Abstract

The sense that the Dengist era is coming to an end in China is not limited to the prospect of Deng Xiaoping's imminent death, an event that appears all the closer with Xiao Rong's public disclosure that her father can no longer walk. Indeed, in many ways the Deng Xiaoping era and the period's central struggle between reformers and conservatives came to a close with the crackdown in 1989. Since then, an uncertain period of transition has seen the old conservative-reformer dynamic accompanied and gradually superseded by new and more complex tensions over how to manage the consequences of reform while guiding the process of marketization. Indeed, in this post-Tiananmen era, the question is not so much whether to reform as to how to hold on in the face of reform.
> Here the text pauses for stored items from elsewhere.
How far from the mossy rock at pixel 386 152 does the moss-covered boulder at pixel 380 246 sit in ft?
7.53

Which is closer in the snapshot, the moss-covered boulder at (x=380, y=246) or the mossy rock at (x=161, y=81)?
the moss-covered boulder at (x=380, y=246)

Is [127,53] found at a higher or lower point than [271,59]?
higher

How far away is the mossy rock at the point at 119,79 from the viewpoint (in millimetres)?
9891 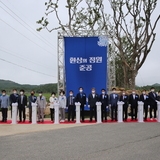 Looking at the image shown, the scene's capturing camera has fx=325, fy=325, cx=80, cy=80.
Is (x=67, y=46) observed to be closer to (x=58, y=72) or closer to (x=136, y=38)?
(x=58, y=72)

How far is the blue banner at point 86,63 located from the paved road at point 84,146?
6.76m

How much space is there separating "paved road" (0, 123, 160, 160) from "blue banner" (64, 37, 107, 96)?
6759 mm

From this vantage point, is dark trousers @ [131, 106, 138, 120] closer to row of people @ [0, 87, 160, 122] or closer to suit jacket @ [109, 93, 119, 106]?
row of people @ [0, 87, 160, 122]

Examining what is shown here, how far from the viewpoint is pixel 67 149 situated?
8.22 meters

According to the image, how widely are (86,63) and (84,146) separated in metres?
9.74

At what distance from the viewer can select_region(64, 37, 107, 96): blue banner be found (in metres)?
18.0

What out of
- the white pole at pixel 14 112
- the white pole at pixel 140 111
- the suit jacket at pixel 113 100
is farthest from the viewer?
the suit jacket at pixel 113 100

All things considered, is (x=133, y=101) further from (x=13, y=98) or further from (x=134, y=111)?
(x=13, y=98)

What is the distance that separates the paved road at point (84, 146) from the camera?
7344 millimetres

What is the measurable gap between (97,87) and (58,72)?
2.32 metres

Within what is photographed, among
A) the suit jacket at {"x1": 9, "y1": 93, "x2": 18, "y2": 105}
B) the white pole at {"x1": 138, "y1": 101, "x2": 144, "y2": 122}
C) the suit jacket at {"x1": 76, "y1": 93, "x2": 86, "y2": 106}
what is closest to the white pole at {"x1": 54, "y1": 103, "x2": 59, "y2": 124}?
the suit jacket at {"x1": 76, "y1": 93, "x2": 86, "y2": 106}

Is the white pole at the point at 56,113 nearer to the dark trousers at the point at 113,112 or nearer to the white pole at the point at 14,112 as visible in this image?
the white pole at the point at 14,112

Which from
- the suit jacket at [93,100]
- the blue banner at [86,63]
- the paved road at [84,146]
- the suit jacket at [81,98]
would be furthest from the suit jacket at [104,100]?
the paved road at [84,146]

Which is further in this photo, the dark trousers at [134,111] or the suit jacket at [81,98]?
the dark trousers at [134,111] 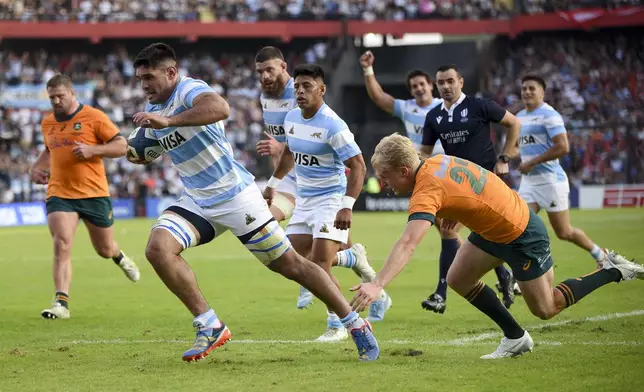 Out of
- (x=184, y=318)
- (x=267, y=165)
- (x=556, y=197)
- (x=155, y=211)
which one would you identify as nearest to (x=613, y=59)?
(x=267, y=165)

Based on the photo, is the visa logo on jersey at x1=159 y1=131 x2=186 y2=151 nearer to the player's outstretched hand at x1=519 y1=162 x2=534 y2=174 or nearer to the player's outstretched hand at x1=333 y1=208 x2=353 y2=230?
the player's outstretched hand at x1=333 y1=208 x2=353 y2=230

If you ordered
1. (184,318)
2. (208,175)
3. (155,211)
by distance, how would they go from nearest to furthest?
(208,175), (184,318), (155,211)

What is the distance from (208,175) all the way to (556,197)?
7.07 m

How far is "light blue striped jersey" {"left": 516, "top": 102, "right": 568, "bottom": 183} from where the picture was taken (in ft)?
45.1

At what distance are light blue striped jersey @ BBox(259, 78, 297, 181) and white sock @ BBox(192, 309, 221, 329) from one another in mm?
3519

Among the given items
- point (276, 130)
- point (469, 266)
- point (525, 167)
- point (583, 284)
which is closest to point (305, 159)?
point (276, 130)

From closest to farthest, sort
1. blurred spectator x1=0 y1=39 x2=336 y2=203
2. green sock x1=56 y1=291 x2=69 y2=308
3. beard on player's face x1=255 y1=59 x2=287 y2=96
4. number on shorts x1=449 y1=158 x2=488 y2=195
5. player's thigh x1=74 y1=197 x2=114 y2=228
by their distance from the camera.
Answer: number on shorts x1=449 y1=158 x2=488 y2=195, beard on player's face x1=255 y1=59 x2=287 y2=96, green sock x1=56 y1=291 x2=69 y2=308, player's thigh x1=74 y1=197 x2=114 y2=228, blurred spectator x1=0 y1=39 x2=336 y2=203

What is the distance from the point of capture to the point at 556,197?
13.7m

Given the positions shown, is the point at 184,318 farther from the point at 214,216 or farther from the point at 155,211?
the point at 155,211

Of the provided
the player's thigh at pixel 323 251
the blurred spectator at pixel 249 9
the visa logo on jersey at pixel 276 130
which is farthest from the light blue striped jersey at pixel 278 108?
the blurred spectator at pixel 249 9

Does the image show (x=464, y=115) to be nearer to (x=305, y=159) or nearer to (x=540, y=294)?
(x=305, y=159)

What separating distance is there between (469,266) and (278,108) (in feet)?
13.1

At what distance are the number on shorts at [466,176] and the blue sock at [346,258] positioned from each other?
3258 mm

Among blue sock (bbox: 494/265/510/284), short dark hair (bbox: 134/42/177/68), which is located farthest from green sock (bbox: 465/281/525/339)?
blue sock (bbox: 494/265/510/284) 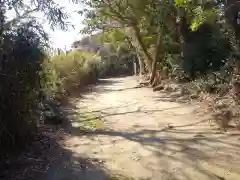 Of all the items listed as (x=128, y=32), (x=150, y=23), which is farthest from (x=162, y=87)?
(x=128, y=32)

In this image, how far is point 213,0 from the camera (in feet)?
39.3

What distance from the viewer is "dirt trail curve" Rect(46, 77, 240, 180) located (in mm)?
5750

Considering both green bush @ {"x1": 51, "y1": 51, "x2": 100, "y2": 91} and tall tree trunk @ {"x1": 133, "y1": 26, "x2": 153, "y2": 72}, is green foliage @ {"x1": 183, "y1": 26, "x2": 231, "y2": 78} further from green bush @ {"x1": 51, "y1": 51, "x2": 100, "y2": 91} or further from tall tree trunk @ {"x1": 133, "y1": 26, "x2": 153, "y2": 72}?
green bush @ {"x1": 51, "y1": 51, "x2": 100, "y2": 91}

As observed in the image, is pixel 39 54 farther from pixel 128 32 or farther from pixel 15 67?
pixel 128 32

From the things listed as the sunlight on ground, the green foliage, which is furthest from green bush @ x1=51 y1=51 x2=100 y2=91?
the green foliage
Reforms have brought tremendous benefits to China but the costs and dislocations are not negligible. The rural riots of 1992 and 1993 underscored the continuing and, in some areas, worsening problems in the agricultural sector. Although the riots clearly caught the attention of the leadership, the central government lacks the resources to address the problems of the countryside in a fundamental way. As a result, the income gap between the interior and the coast will inevitably increase, and growing numbers of peasants will seek their livelihood by migrating to the already overcrowded cities. At the same time, the decline in state-owned enterprises appears to be reaching a crisis point at which a choice will have to be made between large-scale layoffs and mounting state subsidies. Moreover, social issues such as crime and corruption appear to be eating ever more deeply into China's social fabric. The decline of ideology has accompanied reform from the beginning but Tiananmen exposed the loss of faith, and the search for some unifying system of belief seems to have intensified since then.